The music critics who write every week in the pages of Creative Loafing and daily online at our music blog Qcvibes.com are constantly sharing their opinions of the good, bad and the ugly of the Charlotte music scene. But this issue, instead of once again telling you who you should be watching and listening to, we thought we'd let the musicians themselves tell you. We contacted dozens of area artists and asked: Who is your favorite local act? Who are the "must-see" performers in Charlotte and why? Here's what they had to say:

Anthony Rodriguez, lead vocalist/bassist, Soulganic: For me, Super Ape is a must-see [band] — they have the right blend of atmosphere, melody and sick breakbeats that moves the crowd. Plus, their artistic vision is never compromised and their roots dig so deep into the obscure side of sound that the listener comes away sonically refreshed.

Robby Hartis, bassist/vocalist, The Lights, Fluorescent: I would say the must-see act in Charlotte right now is Harvard. These guys have come a really long way over the years. Aside from being some of the nicest guys in town, they are also some of the most talented. They have really come into their own and found their sound over the past couple of years. The live show is always a must-see. Very captivating, make-you-think kind of stuff. If I had to pick any one band in Charlotte that will make it, I would confidently say Harvard. They work hard, tour often and are always creating.

Pat Maholland, bassist, The New Familiars: One of my favorite bands to catch in town is Stephen Warwick and Secondhand Stories. [Stephen] is one of the finer songwriters in the Charlotte music scene, and I feel they can really push other local acts in their own songwriter craftsmanship.

Chris Sheridan, guitarist, Simplified: This one is easy for me. I love doing shows with Evelynn Rose. They have great material and a tremendous amount of energy. And there is a certain unpredictable element to [singer] Joe's performance. These guys are the shit.

Molly J. Brown, trombonist, Mike Strauss Band: Ron Brendle is just about the most amazing musician I have seen with my eyes.

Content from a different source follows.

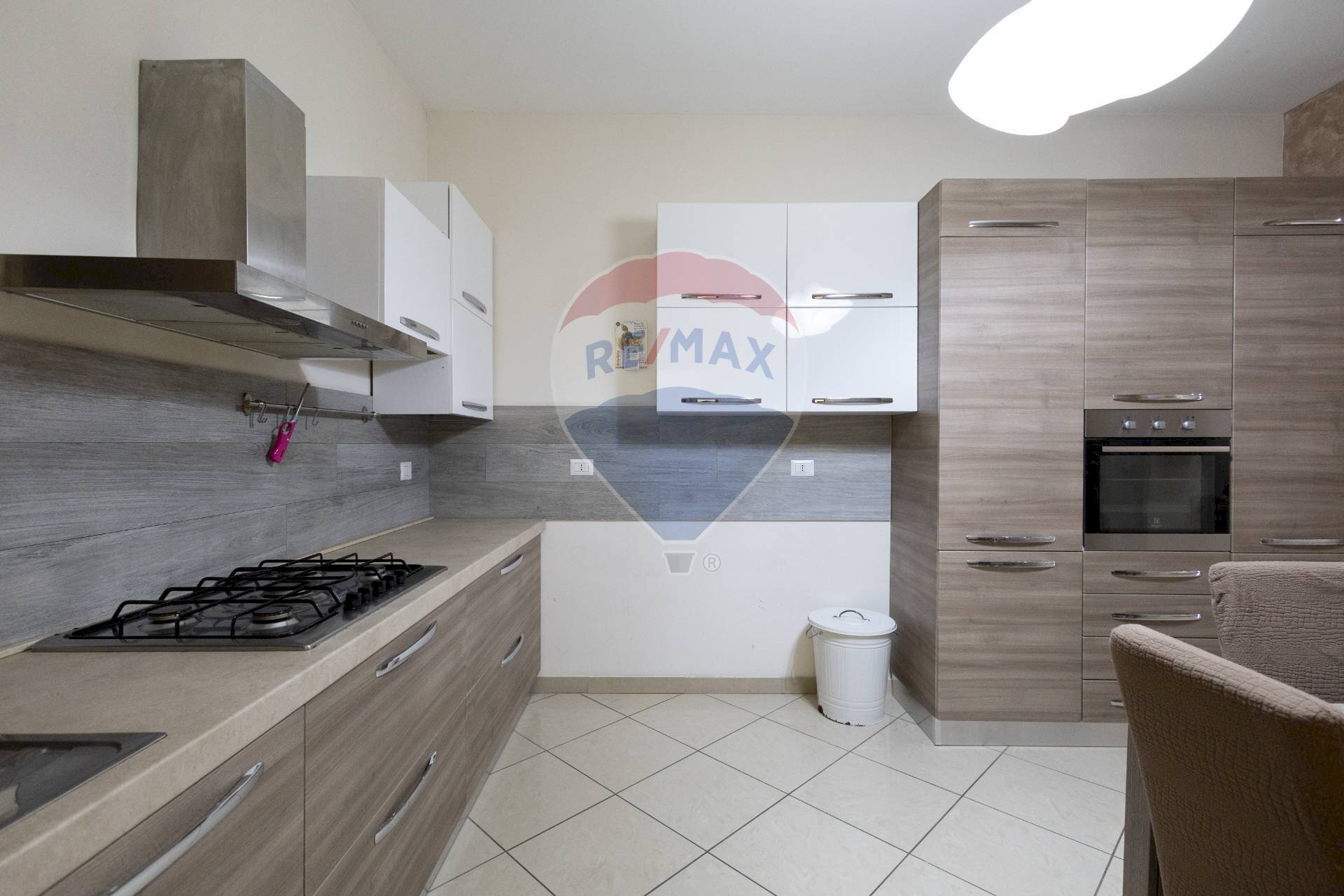 Cucina - Quadrilocale Via Ferrara
 
53, Misterbianco - foto 3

His CD release show for Rhizome, which features himself and fellow upright bass prodigy Mike Holstein, was the rare intense-virtuosic jazz show of my dreams. The show itself was the duo, two upright basses, that interlaced tight-knit rhythms and melodies, which opened into lyrical passages with freeing sounds and textures and (somehow) always coming back together. Ron plays with various combos around town, and I bet an encore of his duet with Holstein could happen ... if enough requests are made (hint hint). At any rate, it's jazz, it's weird and it's wonderful. Go see him.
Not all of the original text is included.